The mutinies in the Royal Indian Navy and Royal Indian Air Force are no mere protests against pay or conditions but are political mutinies directed against foreign rule. It is significant that they started in the two junior services drawn from politically conscious sections. Unlike the Army, which is recruited largely from illiterate peasants of the so-called martial races, volunteers for the Navy and the Air Force have to be literate in English, a rare accomplishment limited to a mere one per cent of the population. The youths are mainly townsmen and acutely conscious nationalists. Whatever the attitude of her political leaders, the people of India are united as never before in vehement opposition to foreign rule.
If Britain backs Jinnah in his intransigence, she will be accused once more of utilizing the communal divisions to delay a settlement and final handing over of power. The conservative Pioneer of Lucknow says that if freedom for India is withheld for long, a revolution is inevitable. But what if Britain calls Jinnah's bluff? What if he is bluntly told that the question of Pakistan is not for Britain or Moslems alone to decide, but must be settled by the whole Indian people through their elected assemblies?
Britain's Labor Party, which championed India's freedom, has, since it came to power, gone little further than the Tories. Current pronouncements, while undoubtedly sincere, have been confined to the old formulas, with emphasis on the necessity for prior agreement among Indians, and warnings against attempts to secure results by violence. They have not dealt with the fundamental question of what the British government will do to break the stalemate.
Failure to grasp this nettle firmly has already led to suspicions that the leopard has not changed its spots, and that despite the change of government, Britain is still more interested in word-spinning than in action. Even the moderate and liberal sections of the Indian press speak of an "Anglo-Moslem conspiracy to keep India in perpetual subjection."
This unhealthy atmosphere could be dispelled at one stroke by an announcement that on a specified date all power would be handed over to those representatives of all parties who were willing to accept it. The prospect of a fait accompli of this nature would compel Jinnah to choose between ineffectual isolation and finding a compromise of some sort. It might not be lasting, but at least the subsequent squabbles could not be laid at Britain's door.

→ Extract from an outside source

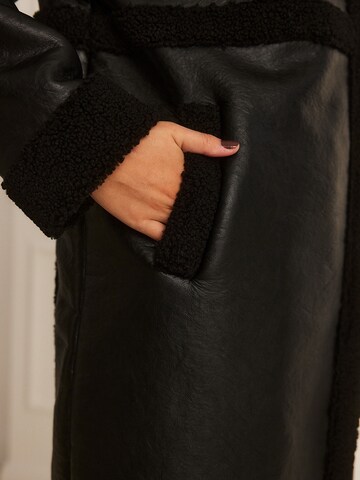 Guido Maria Kretschmer Women Between-Seasons Coat 'Admira' in Black: front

It is true that, in the long run, agreement between Indians themselves is the only guarantee of peaceful government and development. Under the new Constitution, India will be as free as Canada, and it will be for Indians to settle differences between themselves. But so long as there is doubt about Britain's intentions, communal differences will be accentuated, simply because each community wants to secure the best possible terms far itself before Britain "quits India."